**TASK INSTRUCTIONS**
Exercise in exact copying: restate word for word only the lines below from the one containing "Alarm Lock PDL5300IC" through the one containing "NAVY(ネイビー)の「ブロ", omitting any pictures.

**DATA SHOWN**
⟨

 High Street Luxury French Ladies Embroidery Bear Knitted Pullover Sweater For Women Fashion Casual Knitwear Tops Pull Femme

⟩
⟨

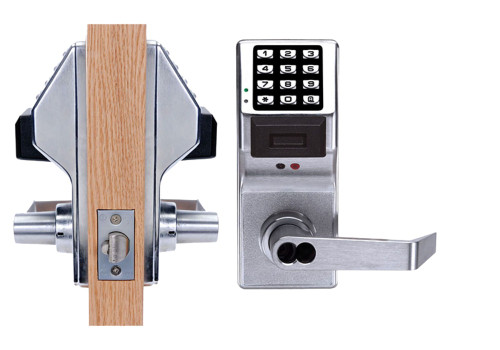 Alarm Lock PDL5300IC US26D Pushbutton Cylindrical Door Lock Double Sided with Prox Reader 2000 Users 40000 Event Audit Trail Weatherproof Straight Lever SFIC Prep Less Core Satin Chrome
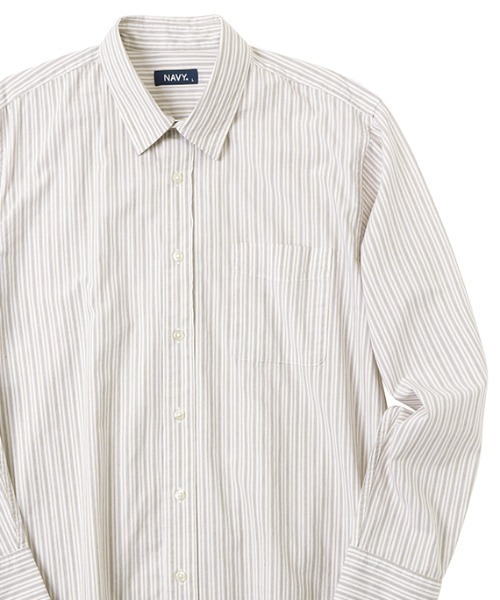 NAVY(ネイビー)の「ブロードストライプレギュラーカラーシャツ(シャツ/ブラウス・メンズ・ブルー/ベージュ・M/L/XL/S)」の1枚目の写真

⟩

**RESPONSE**
 Alarm Lock PDL5300IC US26D Pushbutton Cylindrical Door Lock Double Sided with Prox Reader 2000 Users 40000 Event Audit Trail Weatherproof Straight Lever SFIC Prep Less Core Satin Chrome
 NAVY(ネイビー)の「ブロードストライプレギュラーカラーシャツ(シャツ/ブラウス・メンズ・ブルー/ベージュ・M/L/XL/S)」の1枚目の写真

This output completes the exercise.